CONNECTICUT LIBRARIES
May 1997, Vol. 39, No. 5


I Come to Praise, Not to Bury
The Gutenberg Elegies: The Fate of Reading In an Electronic Age,
by Sven Birkerts
A Review by Vince Juliano

"NOTHING IS CARVED IN STONE," reads the caption chiseled into the grey slab of cold, solid-looking rock sitting in front of the exhibitor's table at the Hartford Flower Show. It is a clever ad by an outfit that engraves rocks for use as garden decorations.

First I chuckle, then reflect. In The Gutenberg Elegies (Boston: Faber & Faber, 1994), Sven Birkerts declares that, "The word cut into stone carries the implicit weight of the carver's intention; ... its imperishability," (p. 155). The same word "incised in marble, scratched into mud, inscribed onto papyrus, printed onto a page, or flickered forth on a screen" carries a different meaning in each medium.
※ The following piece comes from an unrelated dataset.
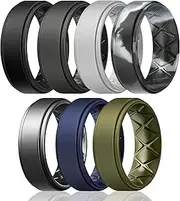 Egnaro Inner Arc Ergonomic Breathable Design, Silicone Rings Mens, 7 Rings / 4 Rings / 1 Ring Rubber Wedding Bands, 8.5mm Wide-2mm Thick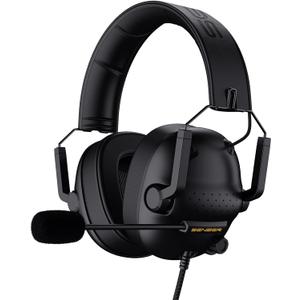 SENZER SG500 Surround Sound Pro Gaming Headset with Noise Cancelling Microphone - Soft Memory Foam Padding - Portable Foldable Headphones for PC, PS4, PS5, Xbox One, Switch - Black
I am re-reading The Gutenberg Elegies because Richard J. Cox cited it in his article, "Taking Sides on the Future of the Book," (American Libraries, February, 1997). Birkerts had forced me to consider whether or not meaning changed with medium. You probably thought that Marshall McLuhan had settled this in the Sixties, alerting us that "the medium is the message."

McLuhan's concept proves itself best in small ways. For example, right after we master desktop publishing, we run out to find the right paper for our creations: neons for book sales, classy bordered sheets for certificates, textured greys or earth tones for official documents. I once received a fuchsia-colored diploma for attending a continuing education program. It looked so ridiculous that I didn't dare show my boss. You can say "nothing is carved in stone" to a sales rep while opening a negotiation, or scribble it next to a draft of a document. You can't chisel it into a rock, place it on your desk, and not expect people to "read" something into it.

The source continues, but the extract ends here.